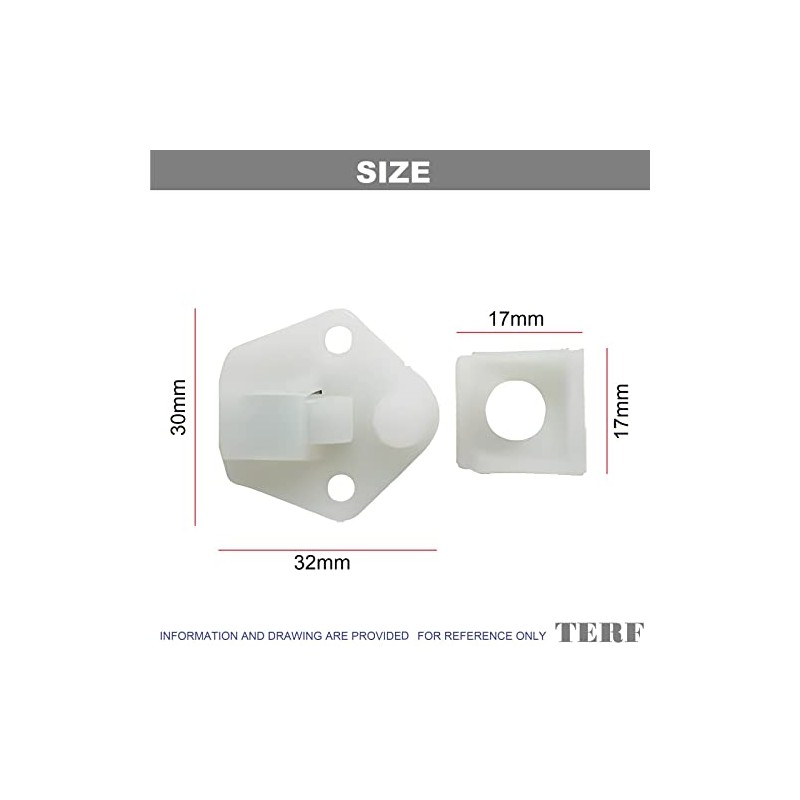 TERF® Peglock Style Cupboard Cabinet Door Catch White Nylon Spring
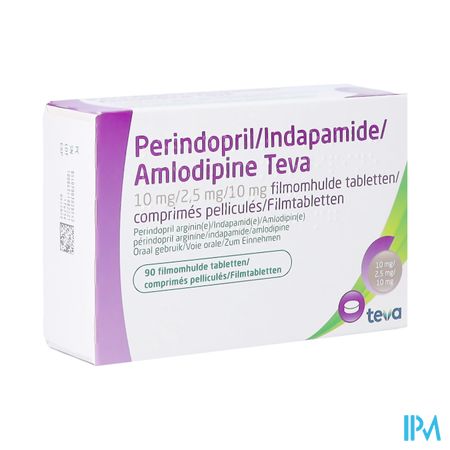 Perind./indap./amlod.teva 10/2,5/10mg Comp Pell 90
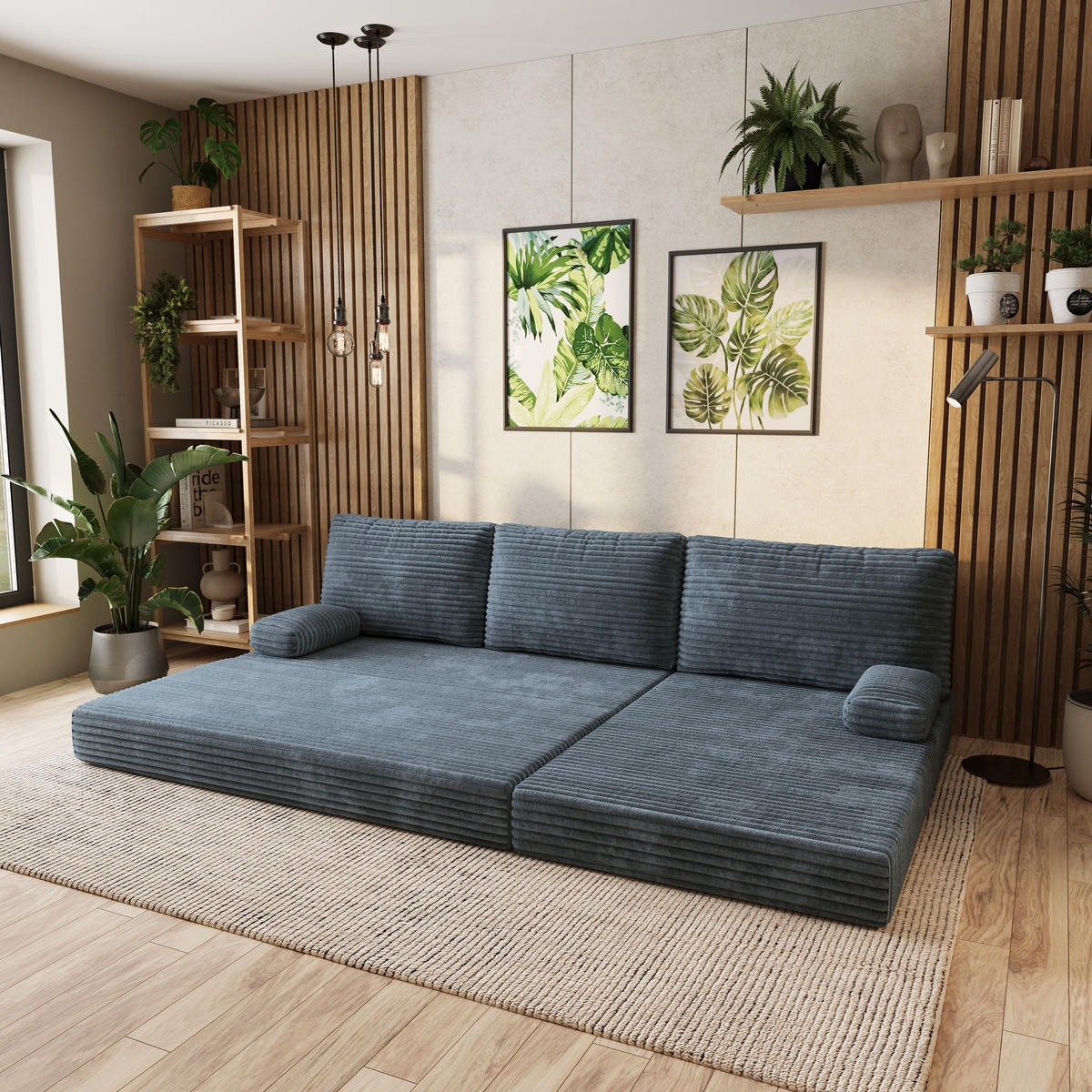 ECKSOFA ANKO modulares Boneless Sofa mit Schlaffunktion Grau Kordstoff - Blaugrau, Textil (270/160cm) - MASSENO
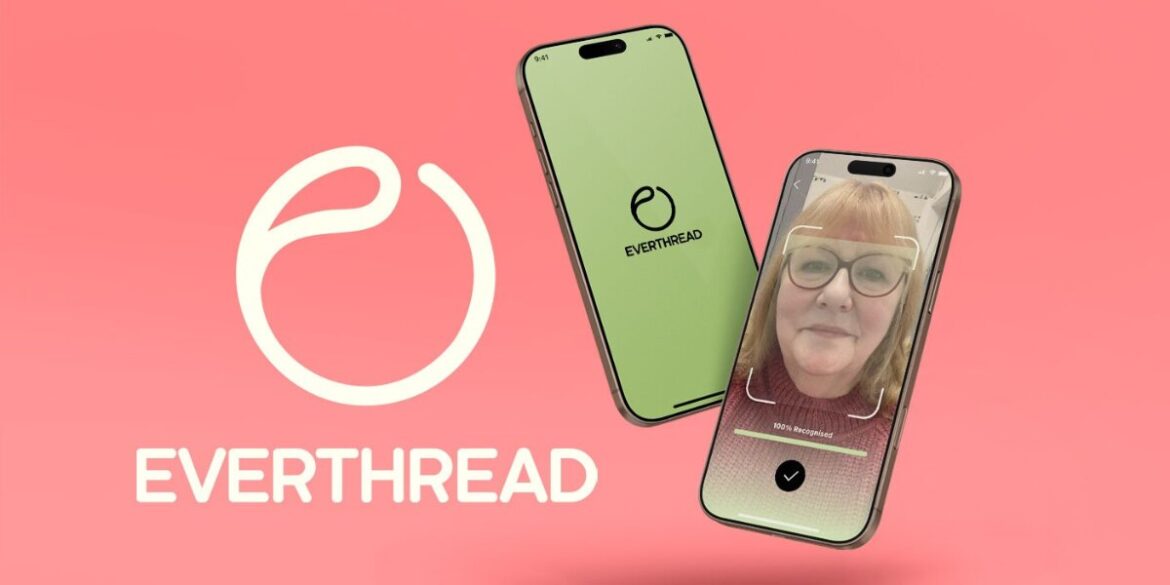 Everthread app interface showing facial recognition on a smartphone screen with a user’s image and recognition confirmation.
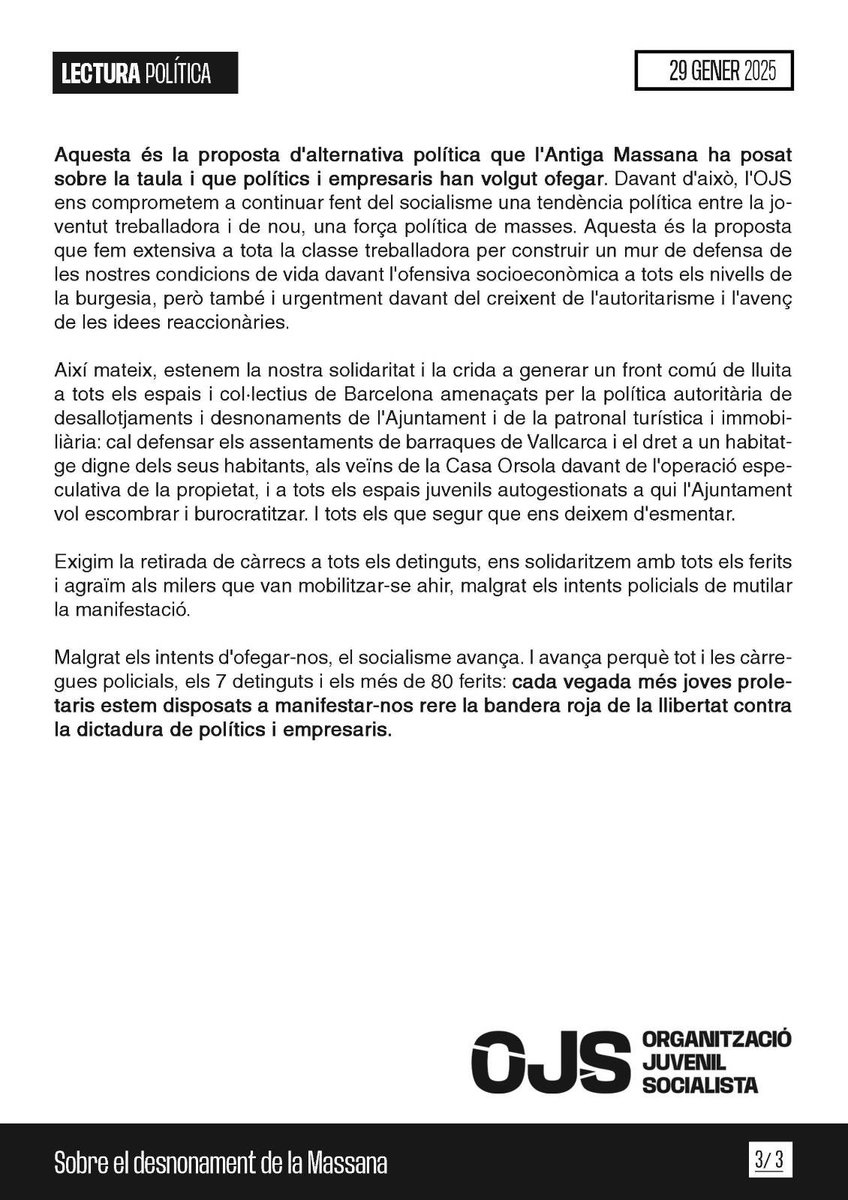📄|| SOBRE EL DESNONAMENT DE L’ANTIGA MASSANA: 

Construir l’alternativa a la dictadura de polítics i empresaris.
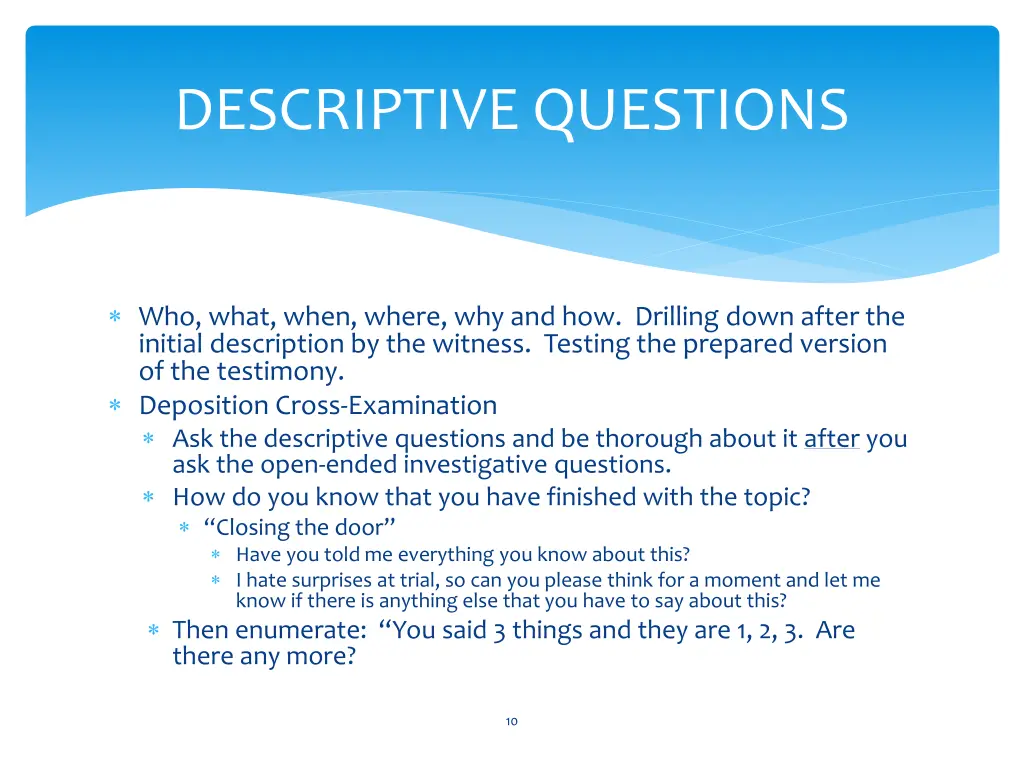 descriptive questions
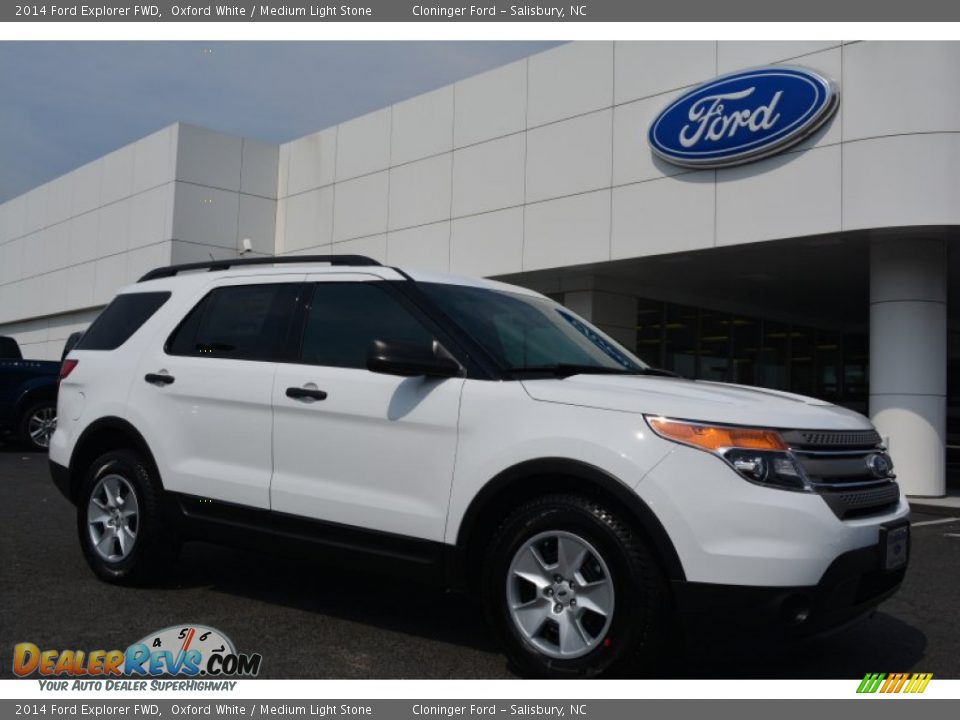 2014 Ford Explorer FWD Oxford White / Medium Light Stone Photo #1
#####
→ TASK GOAL
Only one stretch of the listing above is to be duplicated: the lines from the one containing "Perind./indap./amlod.teva 10/2,5/10mg Comp" through the one containing "Everthread app interface", both included. Copy them exactly, minus the pictures.

→ WORKED SOLUTION
 Perind./indap./amlod.teva 10/2,5/10mg Comp Pell 90
 ECKSOFA ANKO modulares Boneless Sofa mit Schlaffunktion Grau Kordstoff - Blaugrau, Textil (270/160cm) - MASSENO
 Everthread app interface showing facial recognition on a smartphone screen with a user’s image and recognition confirmation.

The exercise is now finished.